New STAR serial talks of feuding families, young lovers

By Sangeeta Tanwar , afaqs!, New Delhi | In Media Publishing | November 04, 2008
The new serial, which replaces Kahaani Ghar Ghar Ki, is a departure from the norm for Balaji Telefilms


has replaced the long-running Kahaani Ghar Ghar Ki (KGGK) with another Balaji Telefilms show, Tujh Sang Preet Lagai Sajna (TSPLS). The daily soap, which started yesterday, will air Monday to Thursday at 10 pm.

TSPLS claims to be a departure from Balaji's usual 'K' soaps. It will portray the love story of its lead characters, Yugandhar and Vrinda, who belong to warring families. The plot is that of a deep childhood friendship going sour. The friends' grandchildren - the young lovers - are oblivious of the enmity and fall in love. The story will unfold to show how they brave all odds to unite with each other.

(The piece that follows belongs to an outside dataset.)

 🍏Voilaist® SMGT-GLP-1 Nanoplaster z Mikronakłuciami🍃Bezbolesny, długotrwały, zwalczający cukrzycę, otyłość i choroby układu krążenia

What's the game plan that STAR Plus is following to retain the viewers who have been faithful devotees of its shows, KGGK and Kyunki… Saas Bhi Kabhi Bahu Thi, for years? KGGK bowed out on October 9, while Kyunki… is on its way out.

Keertan Adyanthaya, executive vice-president and general manager, STAR Plus, says, "The strategy to retain viewers is simple - create shows which have a unique hook and can sustain their interest day after day. It is the execution of this strategy that is difficult."

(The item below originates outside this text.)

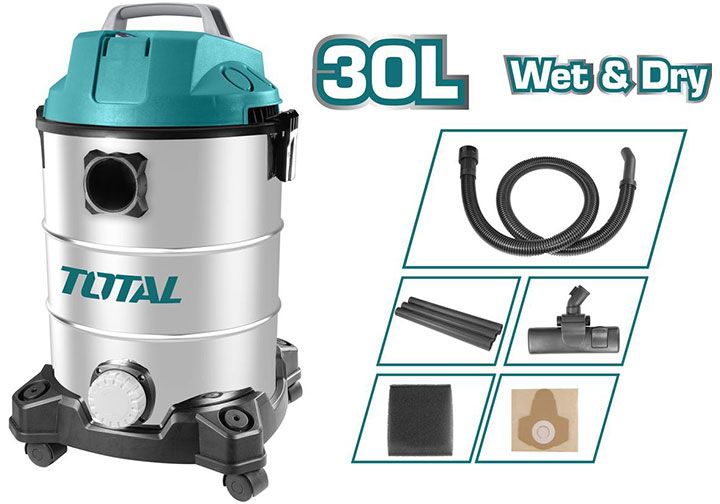 MÁY HÚT BỤI 30L/1300W TOTAL TVC13301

KGGK commanded a family audience for STAR Plus. With a new show replacing a successful old show, Keertan explains that the challenge is "to create a franchise which will have well etched characters, who form a strong bond with the audience. Creating situations and story tracks which will resonate with the viewers is the real challenge."

The channel heads are hopeful that TSPLS will appeal to STAR Plus' core existing audience, and will also pull in a younger audience. According to TAM data for C&S homes, for 4+ audiences in Hindi speaking markets, KGGK delivered a TVR of 5 in the period of January 1-24. Closer to its end, the show's TVR dropped to 3 between September 8 and October 2. The show was replaced in the short term by a filler show, called Diwali Rishton Ki, which garnered a TVR of 2.74 in HSM CS4+.

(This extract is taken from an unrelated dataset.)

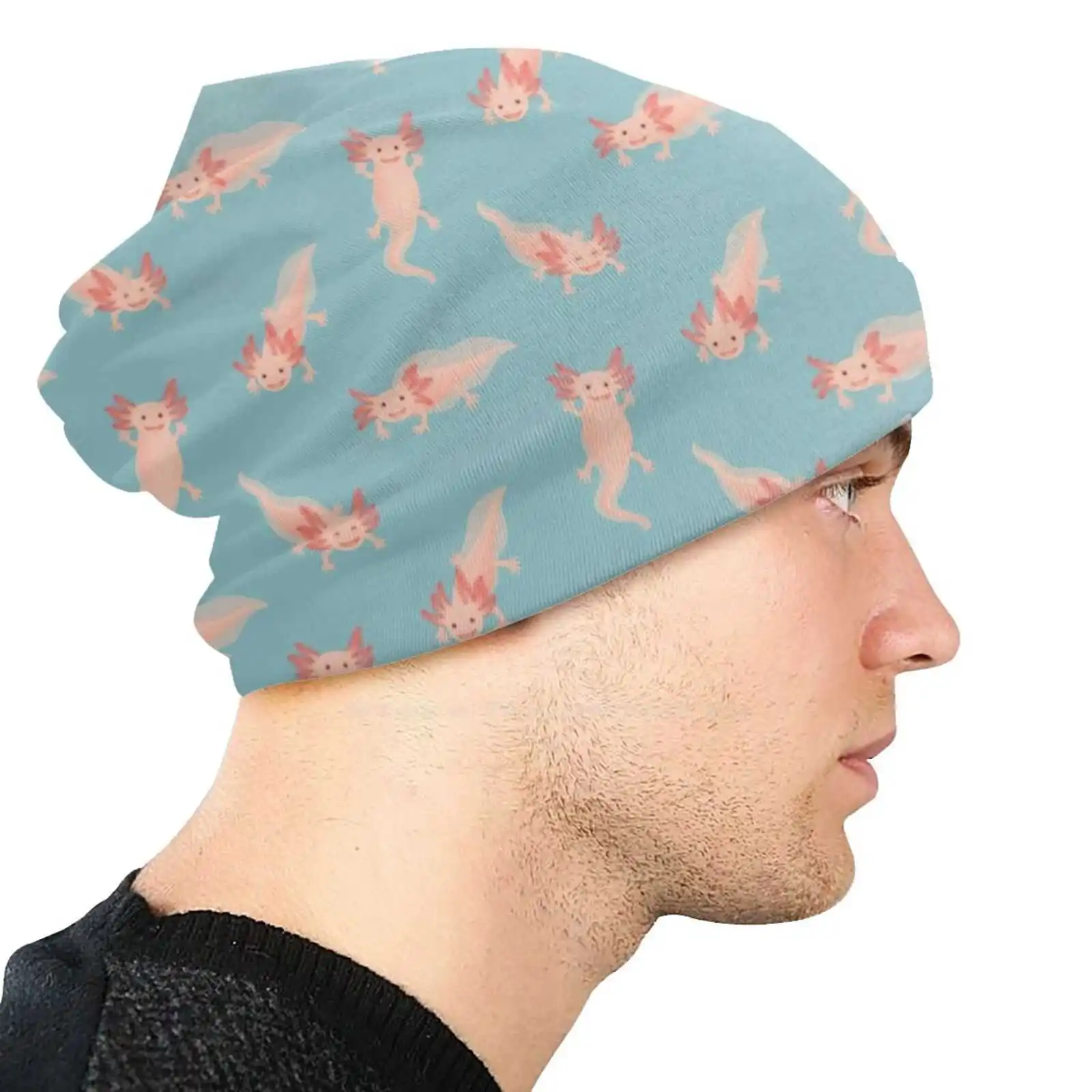 Вязаная шапка Axolotl теплая уличные шапки саламандеры амфибии животные природа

Keertan makes light of the so-called decline of the 'saas-bahu' genre and its bearing on the traditional hardcore target audience for STAR Plus' shows. He says, "'So-called decline' is correct. It is only 'so-called' - there is no actual decline. Daily soaps are still popular and they are the most watched genre in Indian television."

Media planners such as Punitha Arumugam, group chief executive officer, Madison Media, do not read much into the dynamics of traditional or longstanding dedicated viewers having any drastic impact on the fate of a show or channel.

Arumugam asks, "When Kaun Banega Crorepati came to an end, or for that matter any other popular show neared its culmination, did the audiences stop watching television? The answer is no. Instead, they moved on to the next best available show. It is important to remember that viewers stick only to content - nothing else."

Arumugam points out that interest in some of the leading 'saas-bahu' shows has been on the wane for a while now, so there is no point debating the fate of the loyal watchers of these shows. They have already moved on to newer format shows and discovered differentiated content on newer platforms in the general entertainment category.

She says it will be interesting to see whether TSPLS will match up to the success of its predecessor.

Other media planners such as Mona Jain, head, strategic investments, India Media Exchange, believe that 10pm is a primetime slot and important for any general entertainment channel. But with newer channels, viewers have more options available, so even if a channel succeeds in retaining its core base, its audience will still be very fragmented.